WORK TO BE COMPLETED> Give the listing again word for word, excluding the pictures it contains.

RECORDED DATA>
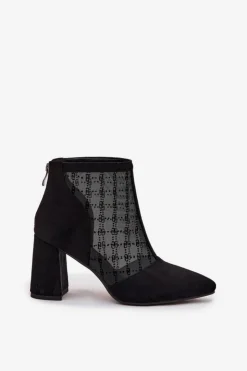 Discount D&A Botki Damskie Na Słupku Z Siateczką LZ52-944 Czarne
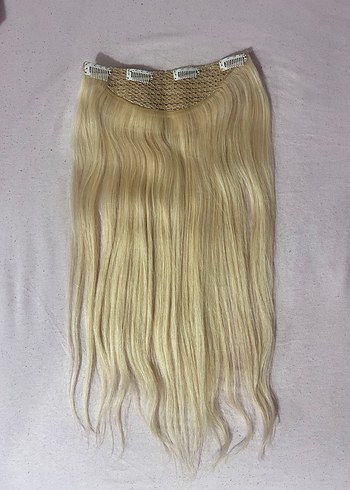 Platin Çıtçıtlı Yarım Ay Postiş Saç - Görsel 2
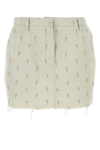 Lanvin Embroidered Frayed Hem Mini Skirt In Ecru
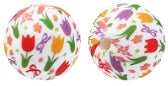 100PCS 15mm Silicone Round Printed Beads 2mm Hole Colorful Pattern Loose Beads for Bracelet Necklace DIY Jewelry Craft Making
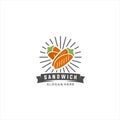 Logo Sandwich Vector vintage fast food logos set. Sandwich, hot dogs Royalty Free Stock Photo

OUTPUT BELOW>
 Discount D&A Botki Damskie Na Słupku Z Siateczką LZ52-944 Czarne
 Platin Çıtçıtlı Yarım Ay Postiş Saç - Görsel 2
 Lanvin Embroidered Frayed Hem Mini Skirt In Ecru
 100PCS 15mm Silicone Round Printed Beads 2mm Hole Colorful Pattern Loose Beads for Bracelet Necklace DIY Jewelry Craft Making
 Logo Sandwich Vector vintage fast food logos set. Sandwich, hot dogs Royalty Free Stock Photo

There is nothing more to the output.